ConcurrentHashMap类实现说明

1.类实现说明翻译

The primary design goal of this hash table is to maintain
concurrent readability (typically method get(), but also
iterators and related methods) while minimizing update
contention. Secondary goals are to keep space consumption about
the same or better than java.util.HashMap, and to support high
initial insertion rates on an empty table by many threads.

主要目标:在最小化更新竞争的同时保持并发可读性(get方法、迭代器及相关方法)。

次要目标:使空间消耗与HashMap保持大致相同或更好,并支持多线程在空表上高效初始化插入。

This map usually acts as a binned (bucketed) hash table.  Each
key-value mapping is held in a Node.  Most nodes are instances
of the basic Node class with hash, key, value, and next
fields. However, various subclasses exist: TreeNodes are
arranged in balanced trees, not lists.  TreeBins hold the roots
of sets of TreeNodes. ForwardingNodes are placed at the heads
of bins during resizing. ReservationNodes are used as
placeholders while establishing values in computeIfAbsent and
related methods.  The types TreeBin, ForwardingNode, and
ReservationNode do not hold normal user keys, values, or
hashes, and are readily distinguishable during search etc
because they have negative hash fields and null key and value
fields. (These special nodes are either uncommon or transient,
so the impact of carrying around some unused fields is
insignificant.)

该Map是分桶哈希表。key-value保存在Node中,大多数结点都是基础Node类的实例(包括域hash key value next)。但是,存在各种不同的子类:用在平衡树中的TreeNode;TreeBin持有TreeNode集的根;ForwardingNode在resize时放在桶的head处;ReservationNode在computeIfAbsent及其相关方法计算值用作占位符。

TreeBin, ForwardingNode, ReservationNode有负的hash域以及null key和value域,在search等方法中很容易区分。这些特殊结点要么不常见,要么是transient,所以影响是微不足道的。
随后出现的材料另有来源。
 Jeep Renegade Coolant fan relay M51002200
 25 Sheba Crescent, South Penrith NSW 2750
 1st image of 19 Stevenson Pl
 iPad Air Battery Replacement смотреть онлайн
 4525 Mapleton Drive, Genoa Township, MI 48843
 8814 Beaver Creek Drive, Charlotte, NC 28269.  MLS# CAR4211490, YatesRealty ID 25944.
The table is lazily initialized to a power-of-two size upon the
first insertion.  Each bin in the table normally contains a
list of Nodes (most often, the list has only zero or one Node).
Table accesses require volatile/atomic reads, writes, and
CASes.  Because there is no other way to arrange this without
adding further indirections, we use intrinsics
(sun.misc.Unsafe) operations.

在第一次插入时表被懒惰初始为2的幂,表中的每个桶通常包含一个Node链表(最常见的是,列表只有0个或1个结点)。表访问需要volatile、原子读写和CAS操作。因为没有其他不增加间接操作的方式,所以使用内部方法(sun.misc.Unsafe)。
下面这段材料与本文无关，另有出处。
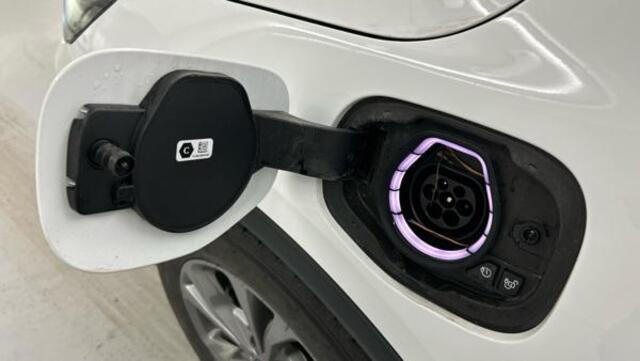 Ford KUGA 2.5 PHEV Active X | Wegklapbare trekhaak | Winter Pack | AGR-stoelen | Adaptive cruise control | 2.100 kg trekgewicht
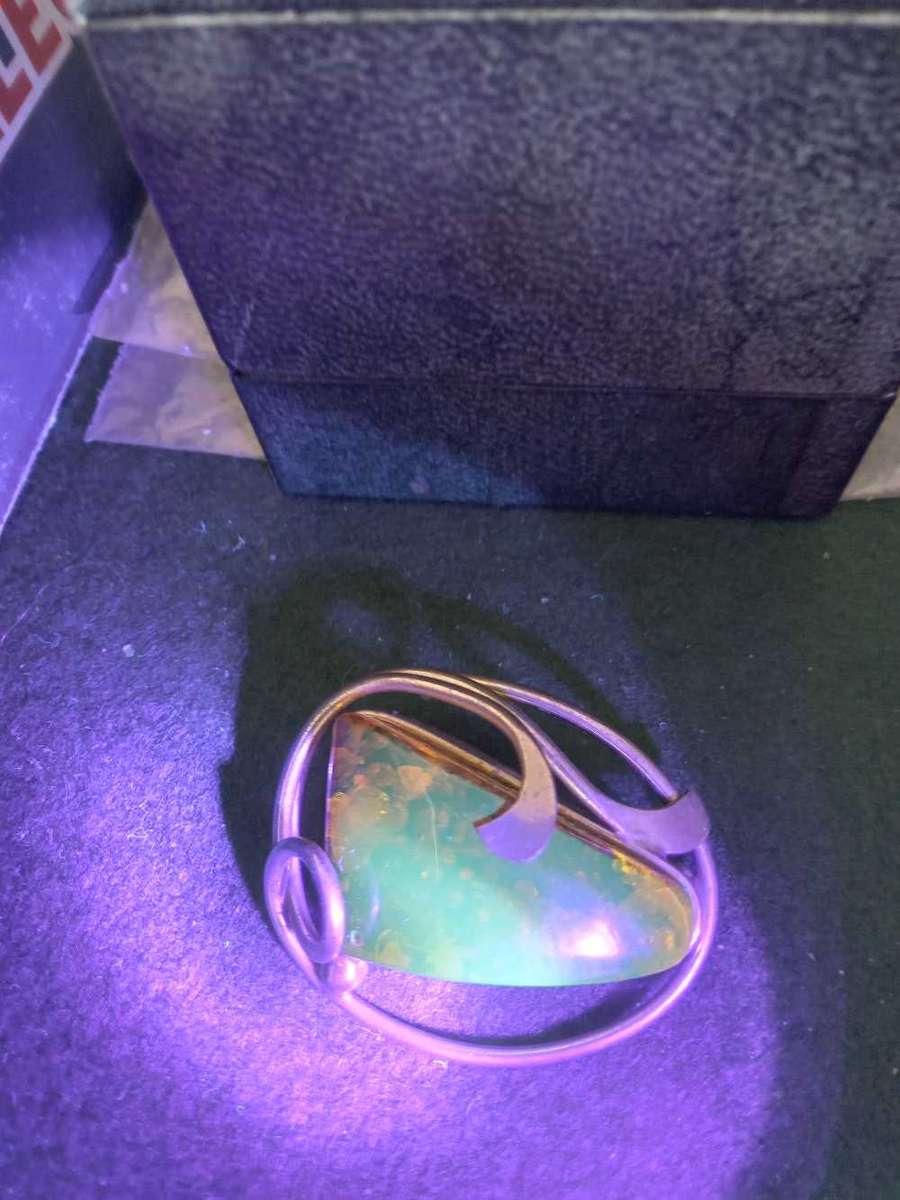 Vintage Modernist Amber Brooch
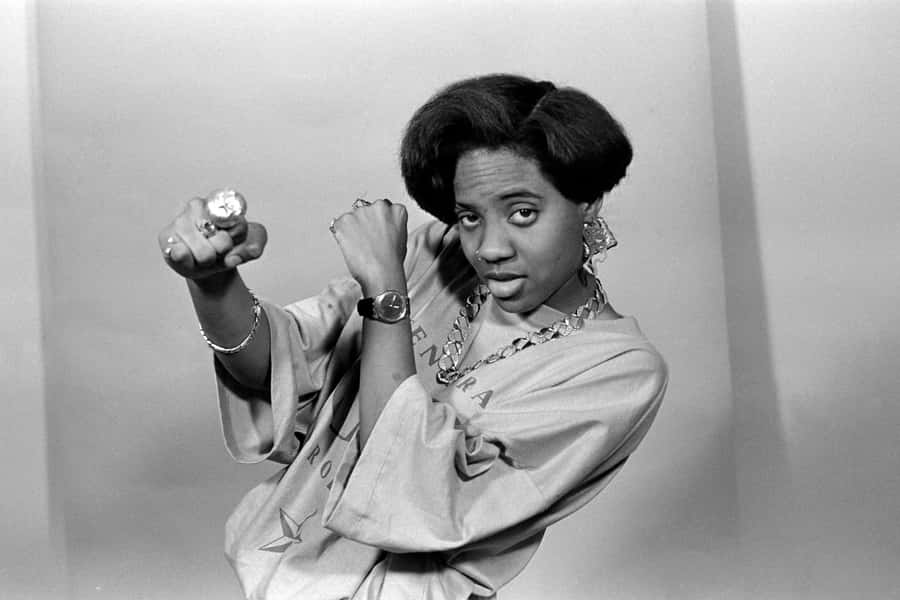 M C Lyte Klassische Pose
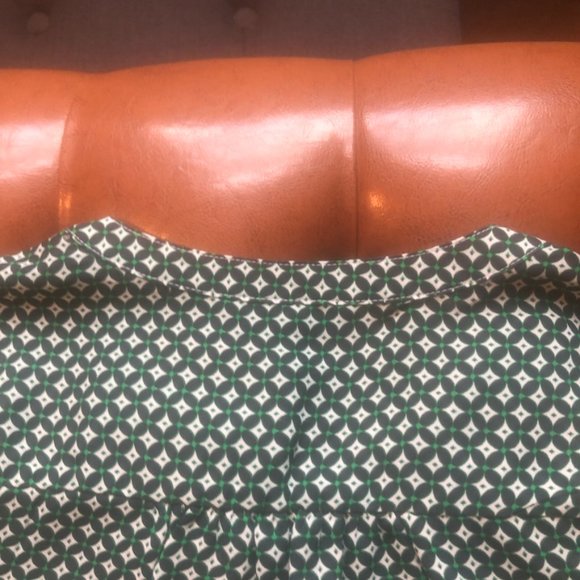 Like New! Banana Republic Print Dolman Top SP - Picture 11 of 16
备注:JEP 193: Variable Handles
The classes in java.util.concurrent (and other areas identified in the JDK) will be migrated from sun.misc.Unsafe to VarHandle.
并发类从JDK9开始从sun.misc.Unsafe迁移到了VarHandle。

We use the top (sign) bit of Node hash fields for control
purposes -- it is available anyway because of addressing
constraints.  Nodes with negative hash fields are specially
handled or ignored in map methods.

使用Node结点的hash域的最高位(符号位)来进行控制。在map的方法中带有负hash域的Node结点会被特殊对待。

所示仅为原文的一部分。